Secret Believers are Sometimes Called on to Serve God in Ways that Require Great Courage

Joseph’s part in the Easter story is small, but it is important. It is important enough that he is mentioned in all four gospels. Joseph could not prevent his fellow religious leaders in the Sanhedrin from carrying out their evil plot to have Jesus crucified. But there is one thing he could do. He could provide a decent burial for the body of Jesus. This burial proved to be part of God’s plan to provide a good setting for the discovery of the resurrection, first by some of the women who were following Jesus, and then by the other disciples. However, in order to provide this burial for the body of Jesus, Joseph had to ask Pilate for his body. This involved a great risk. He might be viewed as being on the side of the guy who was just flogged and killed. Mark tells us that Joseph “took courage” (or “dared”) to approach Pilate (Mark 15:43).

In a similar way, God will occasionally call on a secret believer today to take some action that requires courage. This is the kind of courage that only comes from the Holy Spirit. They may not be asked to publicly declare their faith, but they might be moved by the Spirit to quietly take a risk and witness to a friend or family member. This was sometimes the case with the secret believers I knew. Often the risks they took did not result in any suffering. Sometimes it did. I shared the story of one such believer, whom we call Lily, in a previous blog post.

Applications for Us

If, like me, you live in a place and time where the risk of violent persecution as a result of openly identifying as a disciple of Jesus is low, you may feel that the story of Joseph of Arimathea has little relevance for your life. However, there are several important applications that may apply to us.

1. When the Apostle Paul was chained up for his gospel witness, something surprising happened. You might think that other Christians who heard about it would become more timid and quiet. But Paul wrote, “And most of the brothers, having become confident in the Lord by my imprisonment, are much more bold to speak the word without fear” (Philippians 1:14 ESV). In a similar way, reading about Joseph of Arimathea and hearing about the courage of secret believers around the world today can encourage us to take the relatively small risks God asks us to take in sharing His truth and love with our neighbors.

2. We can help Christians in hostile settings around the world by praying for them and by supporting ministries that work with them. The author of Hebrews wrote, “Remember those who are in prison, as though in prison with them, and those who are mistreated, since you also are in the body” (Hebrews 13:3 ESV). One of the many wonderful things about prayer is that we can pray for people we have never even met (see Colossians 2:1).

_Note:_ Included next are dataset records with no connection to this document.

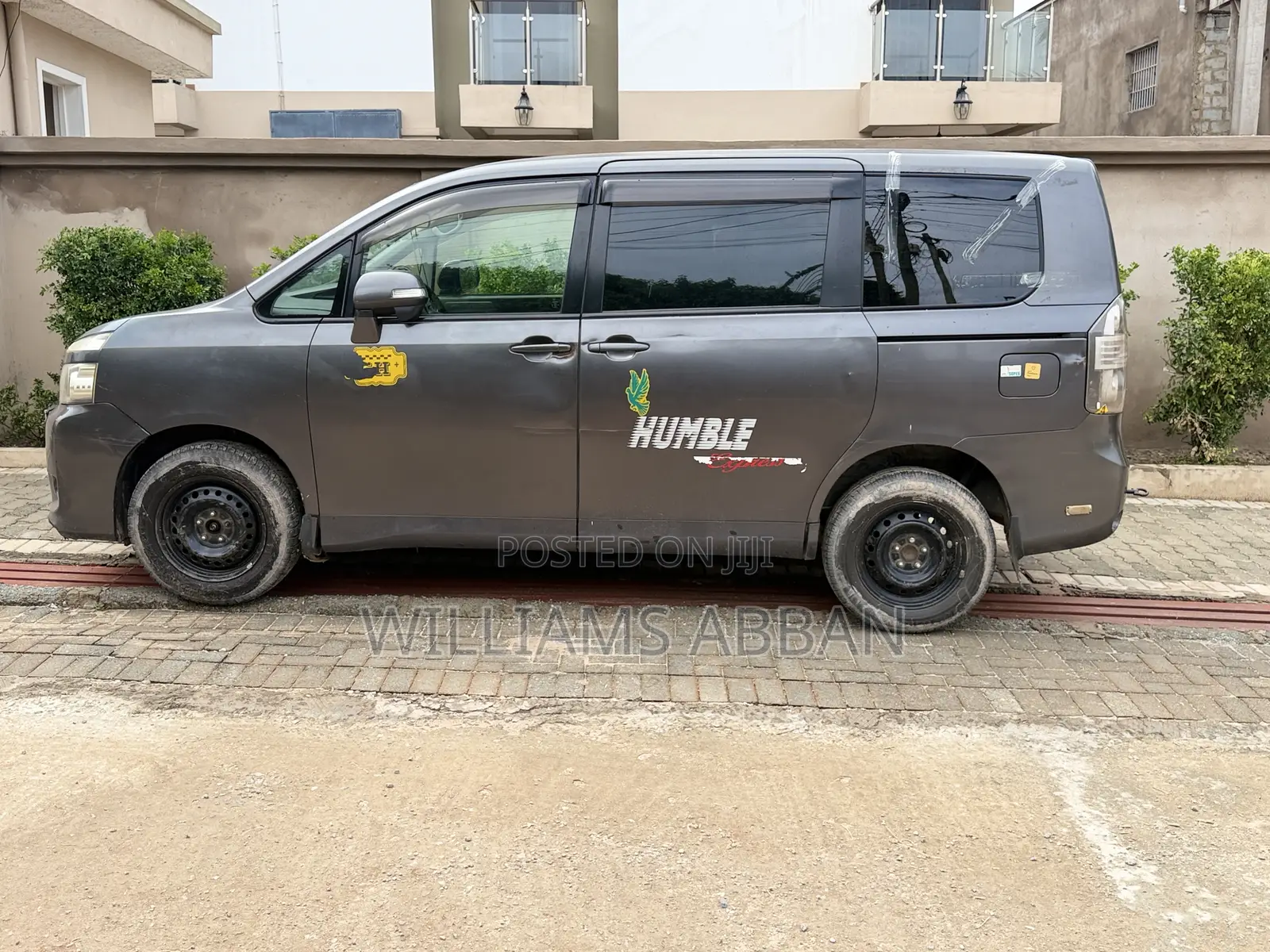 Toyota Voxy 2013 Gray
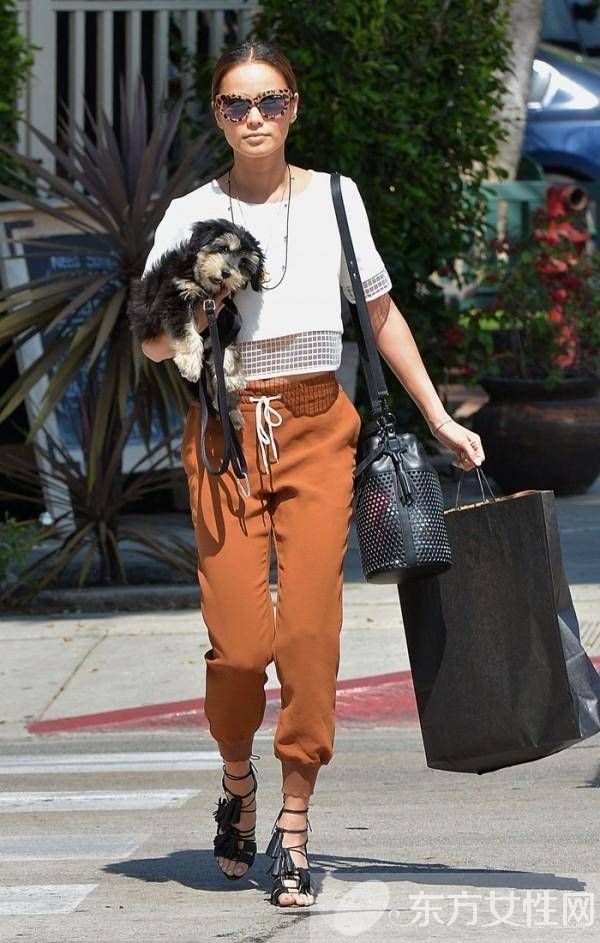 時(shí)尚單品運(yùn)動(dòng)褲 搭配妙招穿出自己的個(gè)性來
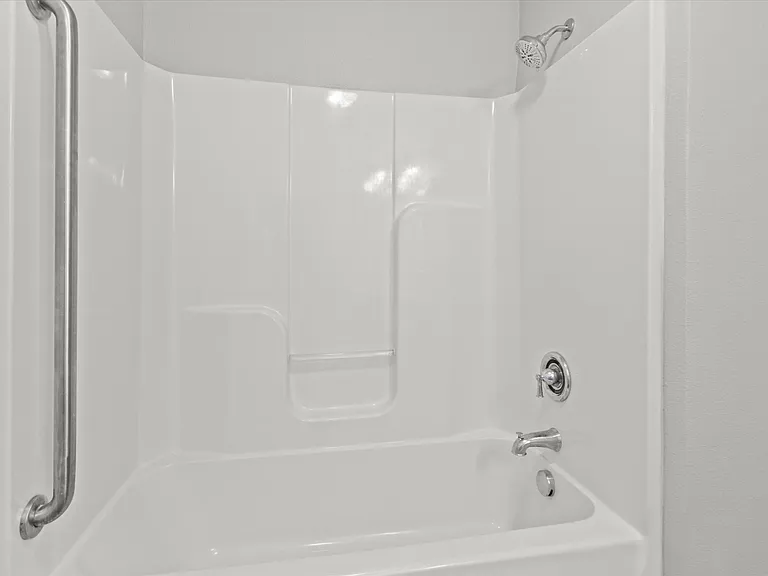 341 Mertle Dr NE — Photo 8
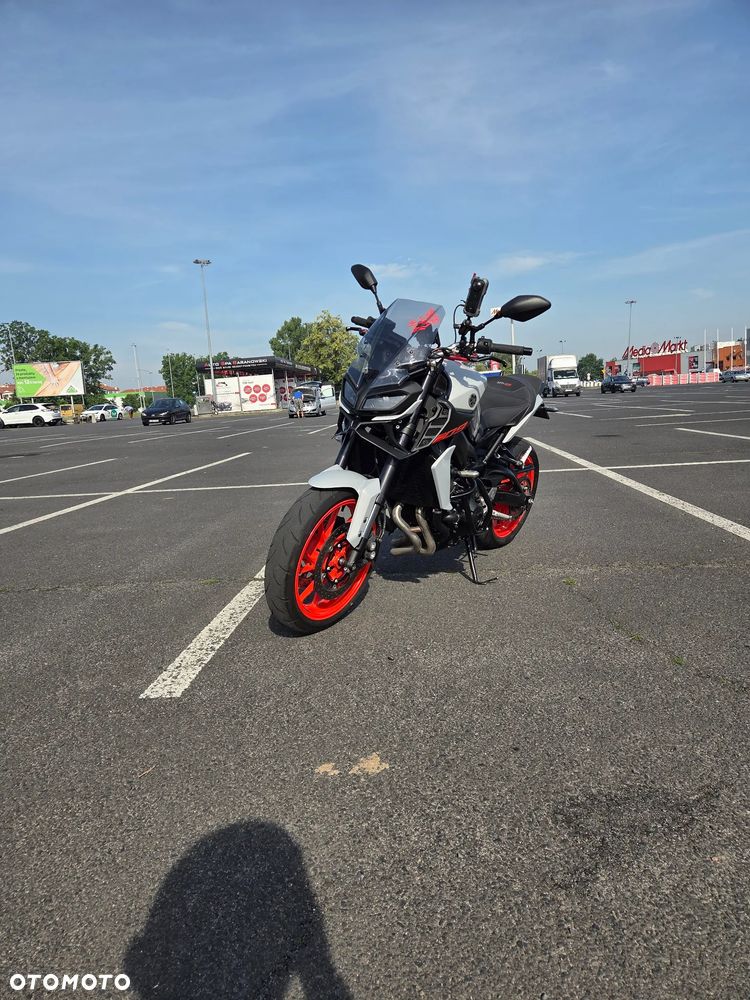 Yamaha MT - 1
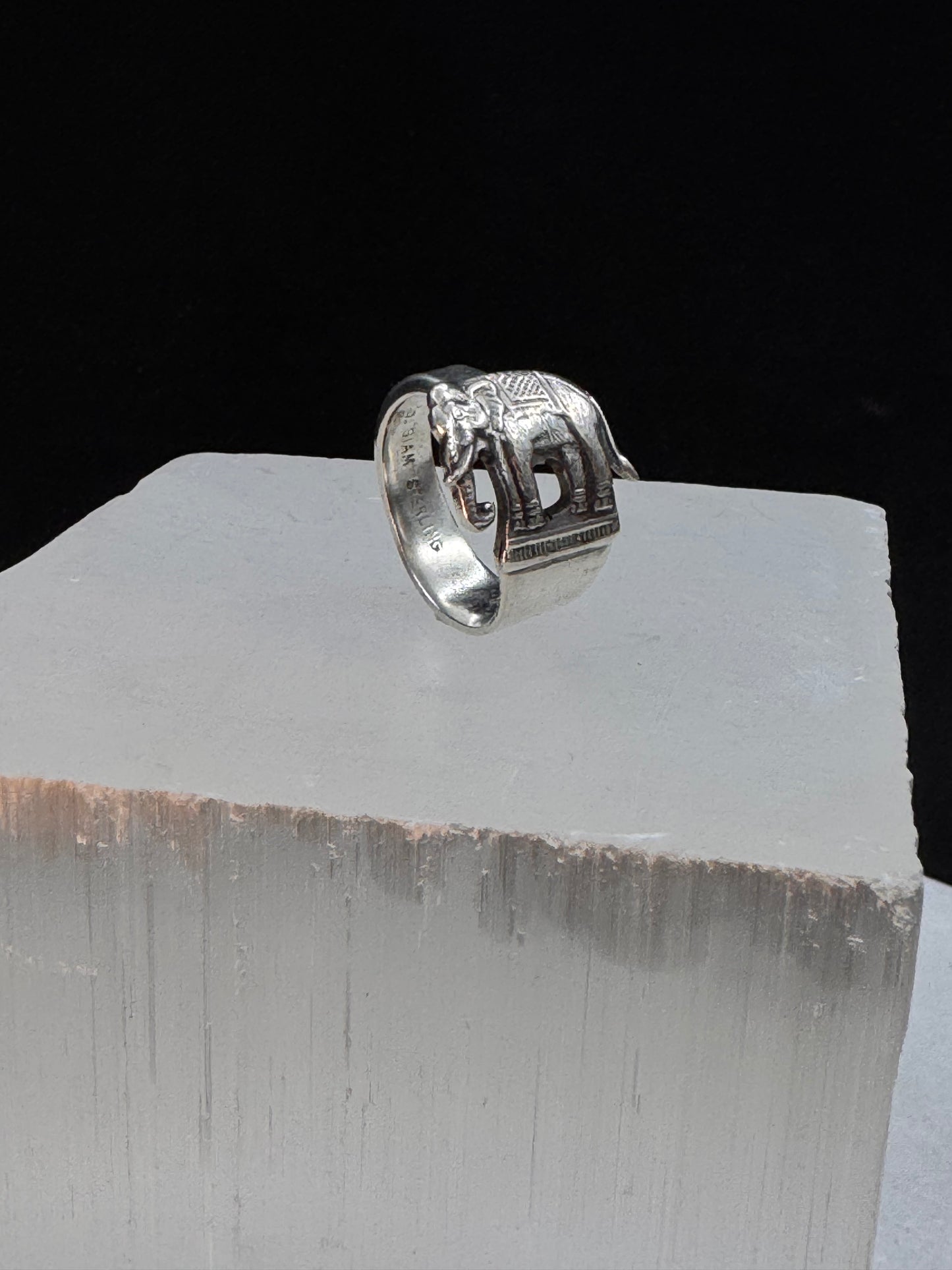 Bestilling! Vintage ring «Elefant» str 59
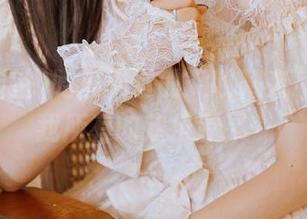 吃瓜天堂的“收藏夹”里藏着我所有的欢乐源泉…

3. We can draw encouragement from the example of Joseph of Arimathea if we or someone we know is in a similar situation. While violent persecution against Christians is thankfully rare where I live now in the US, there are still situations where Christians need the right balance of wisdom and courage, of being “wise as serpents and innocent as doves.”  This happens because some part of God’s truth that they believe could cause them to lose their job, their position, or face painful conflict with their family and friends. Some scientists who believe that scientific evidence points to God’s creative acts rather than evolution are very cautious about sharing this because other scientists have lost jobs over this belief. Today, simply sharing that you agree with the biblical teaching that homosexual acts are sinful could cause you to lose your job. Sometimes a pastor or a church member will discover a biblical truth that is different from their church tradition. I know pastors who have lost their jobs when they saw the doctrine of conditional immortality in the Bible (even if you don't agree with the doctrine of conditional immortality, I hope you can see how wrong it is to fire a pastor over a secondary issue like this one). They were not pushing their new view, but they were in situations where integrity required them to acknowledge it and then they were fired. They remained “innocent of doves,” but like many faithful believers they suffered for God’s truth. In situations like these we are sometimes called to speak out clearly and boldly and sometimes even publicly. But other times wisdom and guidance from the Spirit may lead us to be a type of “secret believer” for a season, until God asks us to take a risk. Being in the position of a secret believer of any type is hard and stressful. We can find encouragement from a man who had a small, but important, role to play in the Easter story, a “good and righteous man,” Joseph of Arimathea.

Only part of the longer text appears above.